No, memcmp is not suitable to do this. And reflection in C++ is insufficient to do this at this point (there are going to be experimental compilers that support reflection strong enough to do this already, and c++23 might have the features you need).

Without built-in reflection, the easiest way to solve your problem is to do some manual reflection.

Take this:

struct some_struct {
  int x;
  double d1, d2;
  char c;
};

we want to do the minimal amount of work so we can compare two of these.

If we have:

auto as_tie(some_struct const& s){ 
  return std::tie( s.x, s.d1, s.d2, s.c );
}

or

auto as_tie(some_struct const& s)
-> decltype(std::tie( s.x, s.d1, s.d2, s.c ))
{
  return std::tie( s.x, s.d1, s.d2, s.c );
}

for c++11, then:

template<class S>
bool are_equal( S const& lhs, S const& rhs ) {
  return as_tie(lhs) == as_tie(rhs);
}

does a pretty decent job.

We can extend this process to be recursive with a bit of work; instead of comparing ties, compare each element wrapped in a template, and that template's operator== recursively applies this rule (wrapping the element in as_tie to compare) unless the element already has a working ==, and handles arrays.

This will require a bit of a library (100ish lines of code?) together with writing a bit of manual per-member "reflection" data. If the number of structs you have is limited, it might be easier to write per-struct code manually.

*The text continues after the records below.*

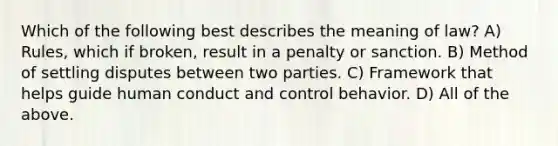 Which of the following best describes the meaning of law? A) Rules, which if broken, result in a penalty or sanction. B) Method of settling disputes between two parties. C) Framework that helps guide human conduct and control behavior. D) All of the above.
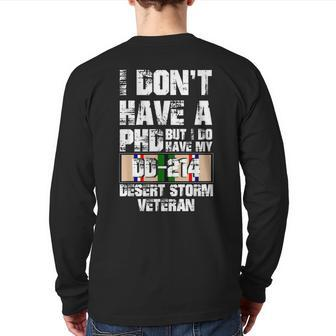 Don't Have Phd I Do Have My Dd214 Desert Storm Veteran Back Print Long Sleeve T-shirt | Mazezy
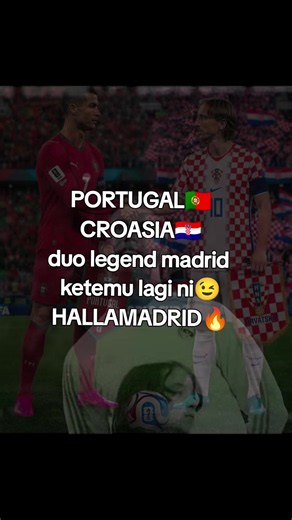 Portugal vs Kroasia duo legend Madrid: Ronaldo & Modrić meeting again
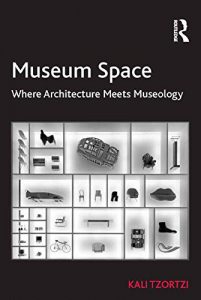 Descargar Museum Space: Where Architecture Meets Museology pdf, epub, ebook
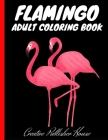 Flamingo Adult Coloring Book: Stress Relieving, Relaxing Coloring Book For Grownups, Men, & Women By Creative Publisher House Cover Image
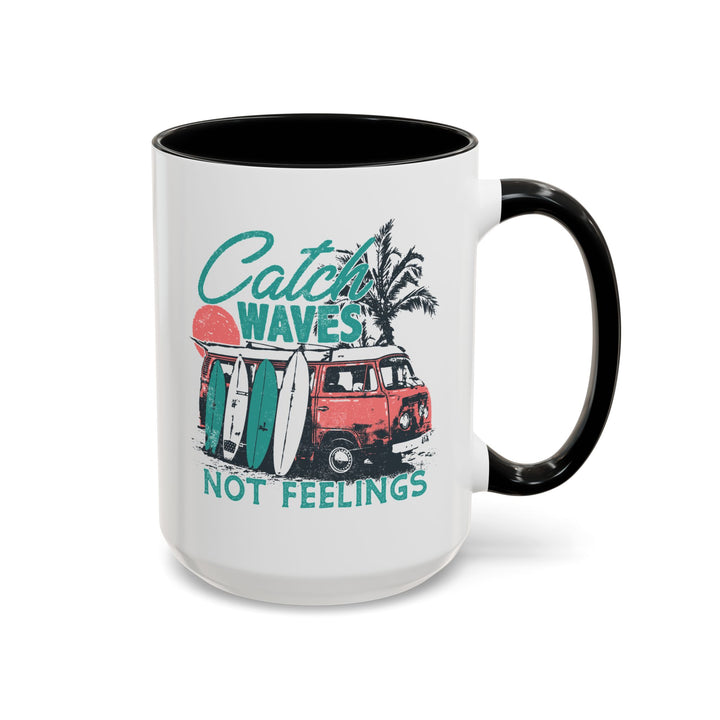 Catch Waves Not Feelings - Accent Coffee Mug (11, 15oz)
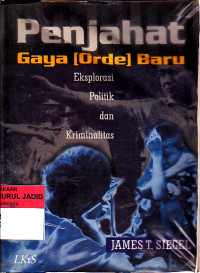 Image of PENJAHAT GAYA ORDE BARU EKSPLORASI POLITIK DAN KRIMINALITAS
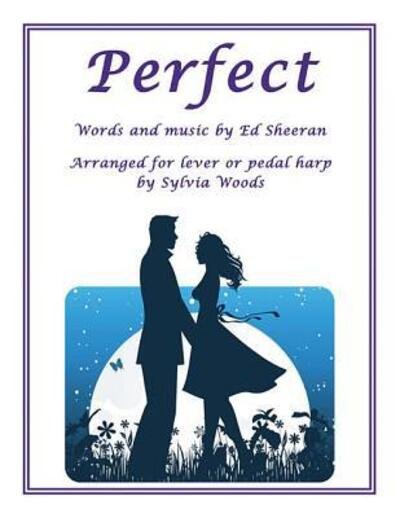 Cover for Ed Sheeran · Perfect Arranged for Lever or Pedal Harp (Paperback Bog) (2018)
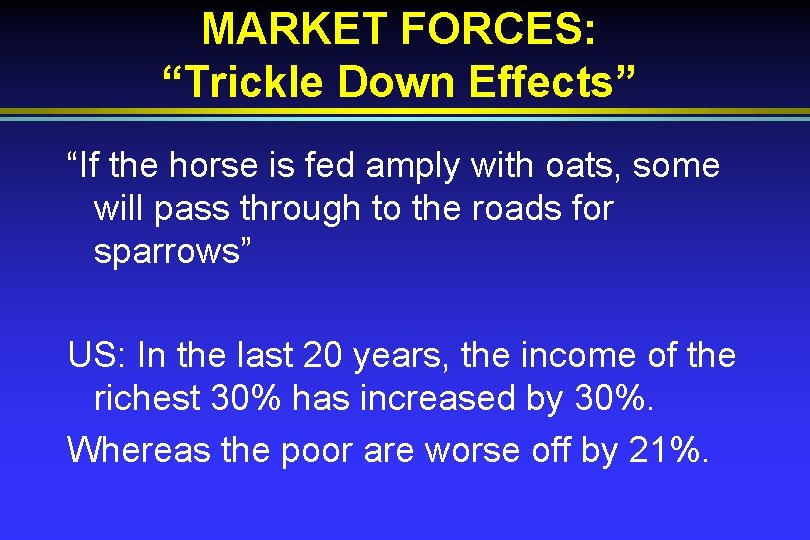 MARKET FORCES: “Trickle Down Effects” “If the horse is fed amply with oats, some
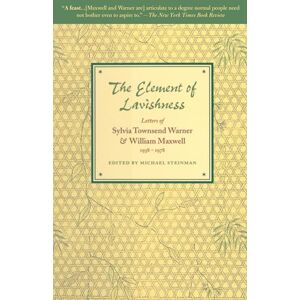 Maxwell, William The Element of Lavishness: Letters of Sylvia Townsend Warner and William Maxwell 1938-1978 Maxwell, William The Element of Lavishness: Letters of Sylvia Townsend Warner and William Maxwell 1938-1978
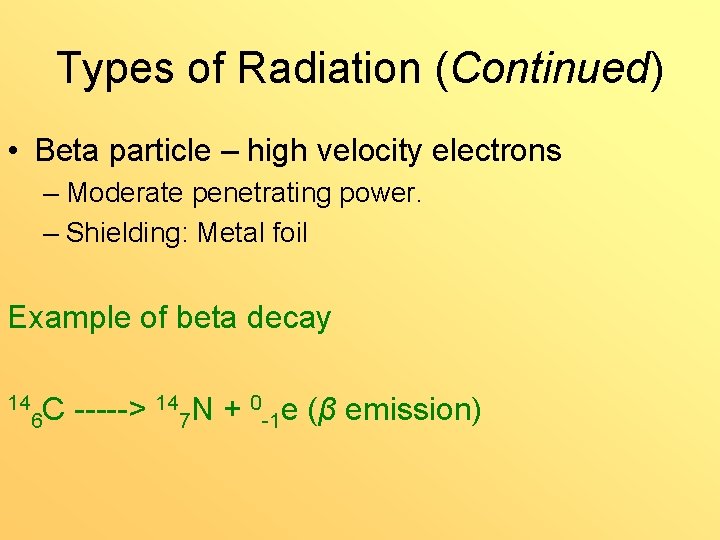 Types of Radiation (Continued) • Beta particle – high velocity electrons – Moderate penetrating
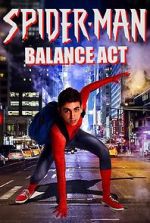 Watch Spider-Man: Balance Act Movie2k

There are probably ways to get

REFLECT( some_struct, x, d1, d2, c )

to generate the as_tie structure using horrible macros. But as_tie is simple enough. In c++11 the repetition is annoying; this is useful:

#define RETURNS(...) \
  noexcept(noexcept(__VA_ARGS__)) \
  -> decltype(__VA_ARGS__) \
  { return __VA_ARGS__; }

in this situation and many others. With RETURNS, writing as_tie is:

auto as_tie(some_struct const& s)
  RETURNS( std::tie( s.x, s.d1, s.d2, s.c ) )

removing the repetition.


Here is a stab at making it recursive:

template<class T,
  typename std::enable_if< !std::is_class<T>{}, bool>::type = true
>
auto refl_tie( T const& t )
  RETURNS(std::tie(t))

template<class...Ts,
  typename std::enable_if< (sizeof...(Ts) > 1), bool>::type = true
>
auto refl_tie( Ts const&... ts )
  RETURNS(std::make_tuple(refl_tie(ts)...))

template<class T, std::size_t N>
auto refl_tie( T const(&t)[N] ) {
  // lots of work in C++11 to support this case, todo.
  // in C++17 I could just make a tie of each of the N elements of the array?

  // in C++11 I might write a custom struct that supports an array
  // reference/pointer of fixed size and implements =, ==, !=, <, etc.
}

struct foo {
  int x;
};
struct bar {
  foo f1, f2;
};
auto refl_tie( foo const& s )
  RETURNS( refl_tie( s.x ) )
auto refl_tie( bar const& s )
  RETURNS( refl_tie( s.f1, s.f2 ) )

c++17 refl_tie(array) (fully recursive, even supports arrays-of-arrays):

template<class T, std::size_t N, std::size_t...Is>
auto array_refl( T const(&t)[N], std::index_sequence<Is...> )
  RETURNS( std::array<decltype( refl_tie(t[0]) ), N>{ refl_tie( t[Is] )... } )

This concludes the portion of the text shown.